Heureusement qu'il y a eu la conclusion ! Ca, c'est ce que je me suis dit en refermant les Formes du visible après une longue traversée où j'ai parfois (souvent) coulé.

Reprenons. Dans la saison précédente, avec par delà Nature et culture, Descola propose de ramener les représentations du monde des humains à quatre ontologies réparties sur une matrice faisant varier la ressemblance ou la différence des physicalités d'une part et des intériorités d'autre part.

Toutes les intériorités sont des esprits dans des corps tous différents : vous êtes animistes.
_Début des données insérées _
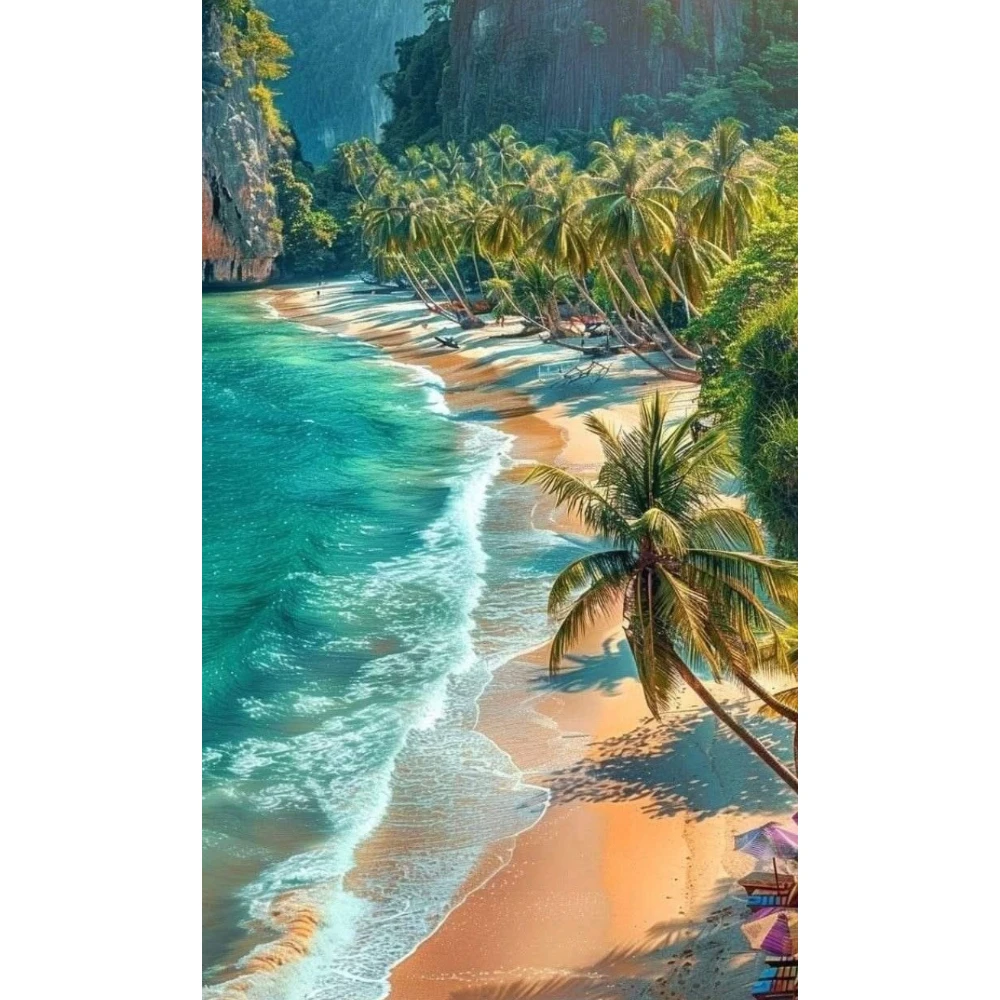 500/1000/1200/2000 PCS Jigsaw Puzzles Green Sea Scenery Family Activity Games for Gameroom Bedroom Home Decor Gift
500/1000/1200/2000 PCS Jigsaw Puzzles Green Sea Scenery Family Activity Games for Gameroom Bedroom Home Decor Gift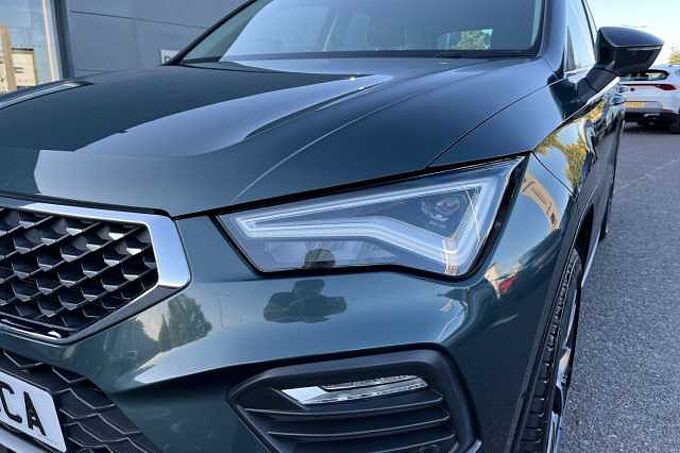 SEAT Ateca 2.0 TDI XPERIENCE Lux SUV 5dr Diesel Manual Euro 6 (s/s) (150 ps)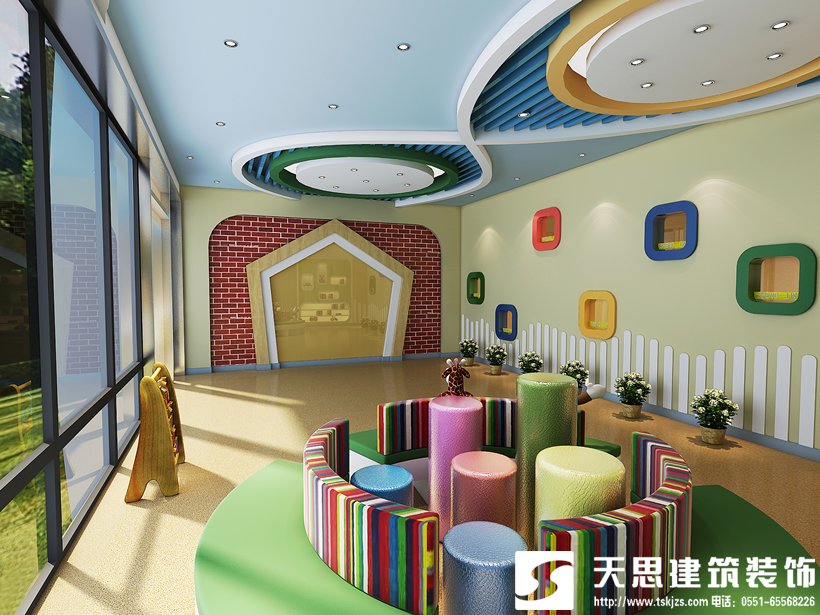 最新<a href=http://m.galaxys4.com/youeryuan/ target=_blank class=infotextkey>合肥幼兒園設計</a>要點及注意事項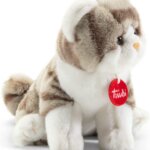 Gattino Brad Tigrato Grigio "S" - Trudi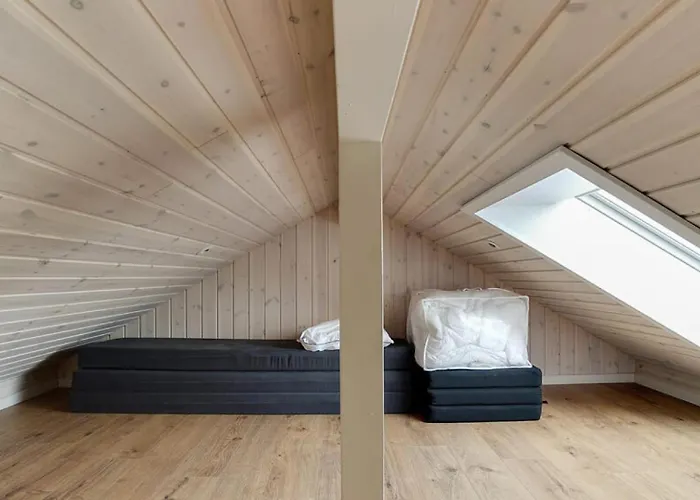 بيت للعطل Villavilla 443 - Saksild, Ostjylland *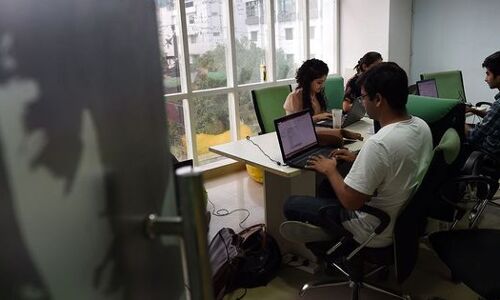 Why co-working spaces are becoming popular in metropolitan India
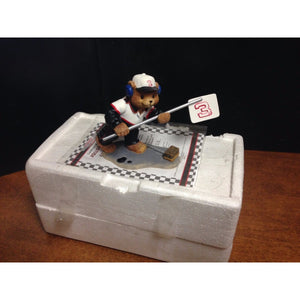 Good Ole Bear Dale Earnhardt Collectible Pit Bear - Swasey's Hardware & Hobbies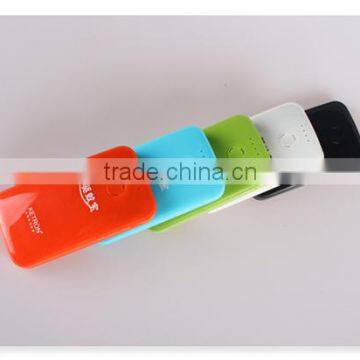 5V/1A 3600mAh mosquito disperse external backup battery charger case for phone 5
Vous savez que l'esprit d'un jaguar, qui se pense comme se pense un homme, peut prendre les habits d'un autre corps, se déployer dans la danse ou le mouvement imprimé à un masque.

Toutes les intériorités sont de même nature et les corps aussi : vous êtes totémistes. Par des signes marquant la trace du passage des êtres du Rêve, vous signifiez aussi la topographie d'un lieu, l'appartenance d'un groupe à un espace. Vous déployez sur un même support les différentes vues, interne et externe, latérale et frontale d'un animal et du clan auquel il appartient et cet objet n'est pas une représentation, il est, grâce à vos bons soins réguliers, la réactivation régénératrice de cet être dans le monde.
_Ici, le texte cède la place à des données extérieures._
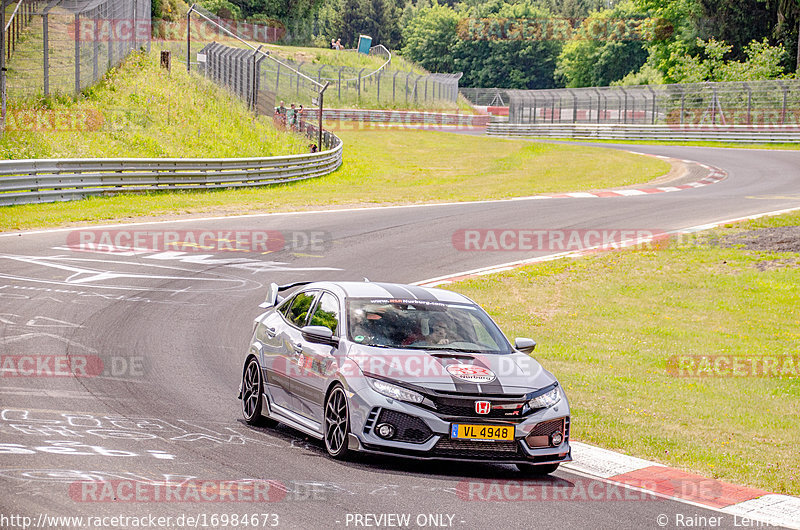 Bild #16984673 - Touristenfahrten Nürburgring Nordschleife (04.06.2022)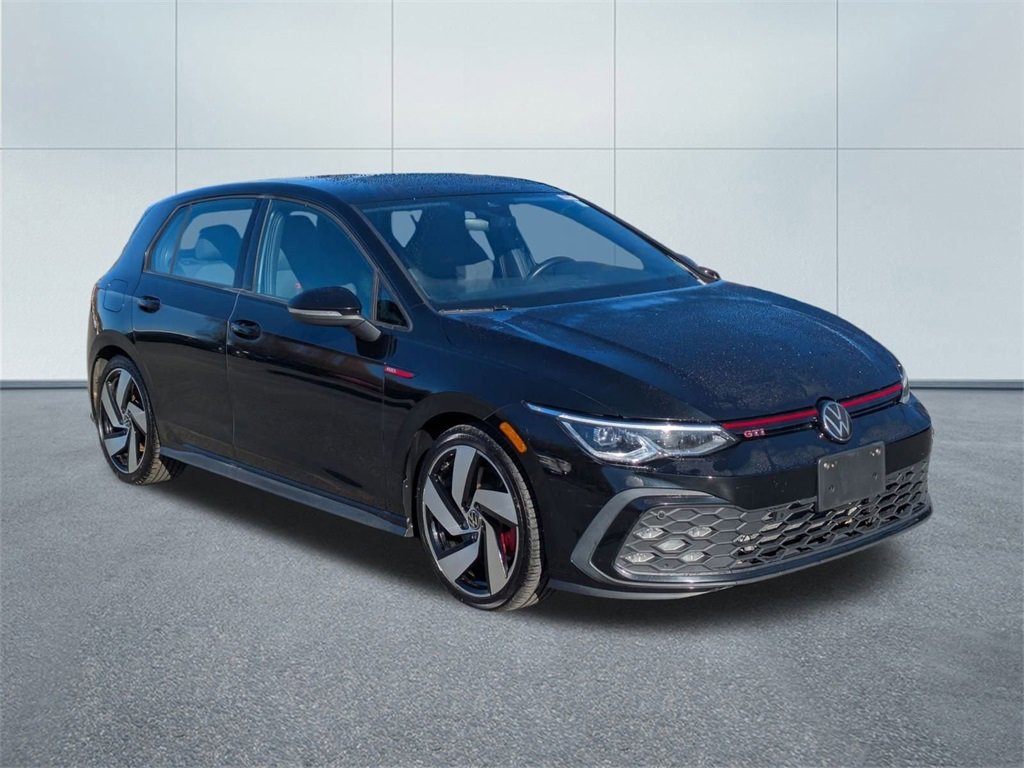 Used 2024 Volkswagen GTI S image 1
Tous les corps sont différents, tous les esprits aussi et vous galérez à mettre du sens dans ce grand bazar, vous êtes analogistes. Vous reproduisez la prolifération des objets, tentez des relations entre eux : un éléphant fait de multiples animaux, une chimère ou la carte du ciel sur la plante de votre pied.

Et si pour vous tout ce qui existe est fait de cette même matière moléculaire et putrescible quand elle est vivante tandis que seuls les humains sont capables d'avoir une conscience d'eux-mêmes les plaçant comme hors du reste du monde, bingo, vous êtes (nous sommes) naturalistes.
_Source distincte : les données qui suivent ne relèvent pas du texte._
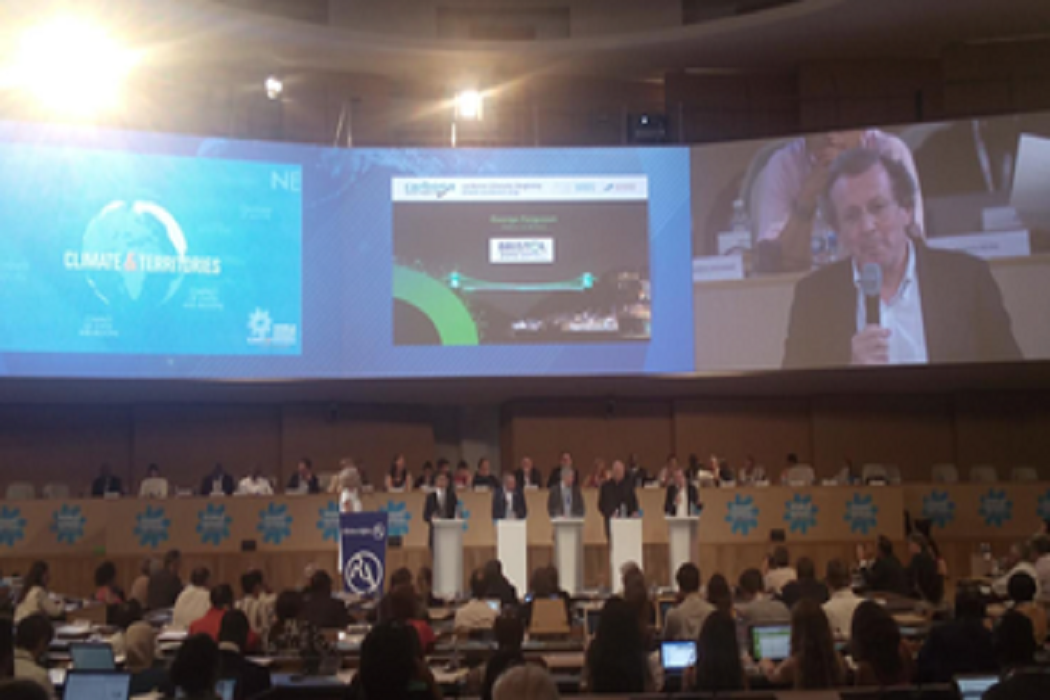 ICLEI se junta ao maior encontro de atores não-oficiais antes da COP21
Inutile de dire que je schématise, que je simplifie, que je caricature à gros traits en ne résumant qu'en quelques lignes la prolifération des illustrations que donne Descola, la contradiction interne entre celles-ci parfois aussi (au moins m'a-t-il paru). Mais voilà, grosso modo l'idée : il existe différentes façons de se représenter le monde et à chacune correspondrait une manière de le figurer. C'est en tout cas ce que j'ai compris de la thèse.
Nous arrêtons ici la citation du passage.